DF_CB,i = 13.4/(C_CO2,CVS,i + C_CO,CVS,i + C_HC,CVS,i)

(14)

where C is the concentration [%] of the pollutant in the dilution tunnel (CVS) or tailpipe (TP) for each second i. The concentrations should refer to the wet exhaust (i.e., the dry-to-wet correction should be applied [42]) and should also be corrected for the dilution air background. The dry-to-wet correction is important for the tailpipe concentrations, while the dilution air background correction is important for the dilution tunnel concentrations. The 13.4 is the theoretical CO₂ concentration for a gasoline engine, around 13.4%, which is obtained with the average composition of gasoline fuel (C₈H₁₅) [40]. Note also that the CO₂ tracer method needs a CO₂ analyzer sampling from the tailpipe beyond that at the dilution tunnel, and this extracted flow has to be considered in the calculations. The extracted flow rate has to be added to the equations above to find the actual exhaust flow rate.

Q_exh,i = Q_exh,method,i + Q_instr,i

(15)

2.2.3. Cold Start

During cold start condensation can take place and this has an effect up to 10% on the results of instruments measuring on dry basis (e.g., CO₂ or CO) [42]. According to our knowledge there are no SPN instruments measuring in dry basis. Therefore, the correction is not needed.

2.2.4. Particle Dynamics

The main aerosol processes from the tailpipe to the full dilution tunnel are agglomeration, diffusion, and thermophoresis [18,43,44].

Agglomeration arises from particle to particle collisions where the colliding particles are attached together, but retain their identity and shape. Agglomeration changes the number concentration and size of particles, but not the total particle mass concentration. The extent of agglomeration depends on the initial particle concentration and, to a smaller degree, on particle size and surrounding temperature.

Diffusion is the net movement of particles (or gas molecules) from high to low concentration. Smaller particles diffuse faster than larger particles. Therefore, diffusion is most important for particles smaller than about 50 nm in diameter. Particle concentration decreases in the exhaust transfer lines due to diffusional deposition of particles on the surfaces.

Thermophoresis is the motion of a particle in a temperature gradient. Due to the higher rate of collisions of gas molecules on the hotter side the particle, thermophoresis results in particle movement towards the colder side (i.e., particles in high temperature exhaust gas to the colder walls).

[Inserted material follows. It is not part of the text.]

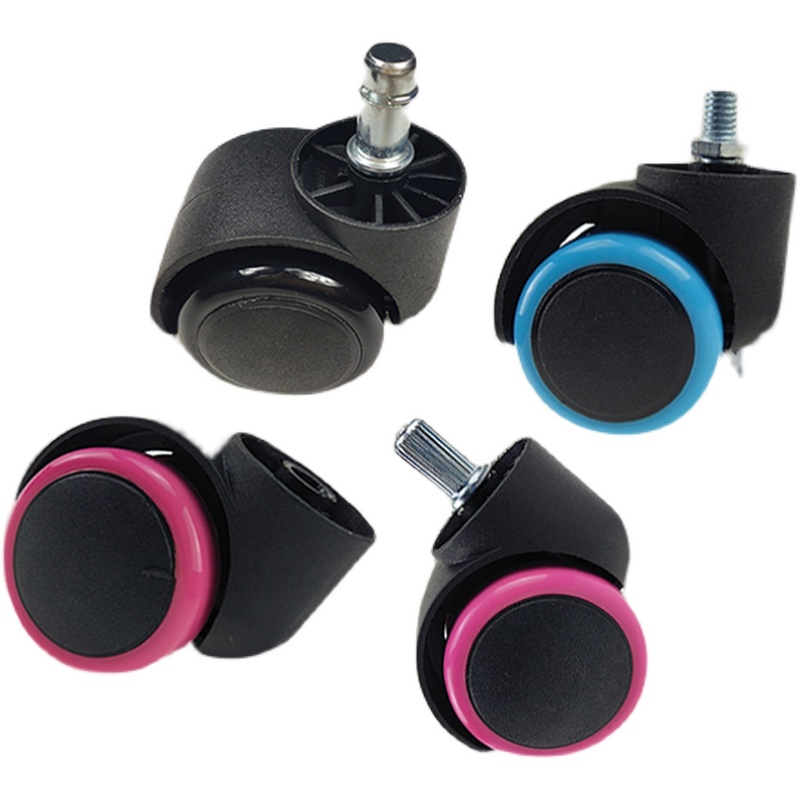 包邮儿童学习办公电脑转椅重力万向滚滑轮子塑料卡套胶脚管塞配件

Other transport losses (e.g., gravitational deposition, inertial impaction, electrophoretic) and sampling losses (due to anisoaxial and anisokinetic extraction of sample) were considered negligible as they affect larger particles than those emitted of the moped of this study (<1 μm) [44]. A detailed presentation of the topics is out of the scope of this paper. Details can be found in the literature [18,43,44].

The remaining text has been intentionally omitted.